Bahkan dalam kasus yang cukup langka, anak-anak korban bullying mungkin akan menunjukkan sikap kekerasan. Tak hanya korban bullying yang merasakan dampak bullying, pelaku bullying juga dapat terkena dampaknya. Pelaku bullying memiliki kecerundungan untuk berperilaku kasar, melakukan kriminalitas, penggunaan narkoba, dan terlibat dalam pergaulan bebas.
Untuk mencegah bullying, kembali ke peran orangtua masing-masing. Berilah pengertian kepada anak apa itu bullying, menjalin komunikasi yang baik kepada anak, serta cara menumbuhkan percaya diri anak.
Dengan rasa percaya diri tinggi yang dimilki si anak maka anak akan tidak mudah diganggu bahkan ditindas.
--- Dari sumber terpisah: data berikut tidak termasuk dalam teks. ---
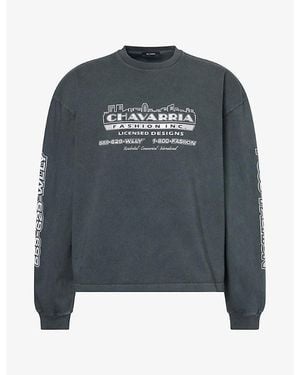 Willy Chavarria Licensed Designs Oversized Long-Sleeve Graphic Cotton-Jersey T-Shirt - Gray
Suasana rumah yang tidak nyaman juga dapat memicu anak untuk melakukan bullying, seperti broken home dan orangtua sering bertengkar sehingga anak mencari perhatian dengan cara melakukan bullying kepada temannya sendiri. Oleh karena itu, melalui tulisan ini penulis mengajak para pembaca untuk tidak lagi melakuakn bullying kepada orang lain. Percayalah bullying tidak akan membawa keuntungan. Justru kerugianlah yang didapat.
Oleh : Hasna Dyas Mayastika
, mahasiswi Fakultas Ilmu Kesehatan (FIKES), semester IV.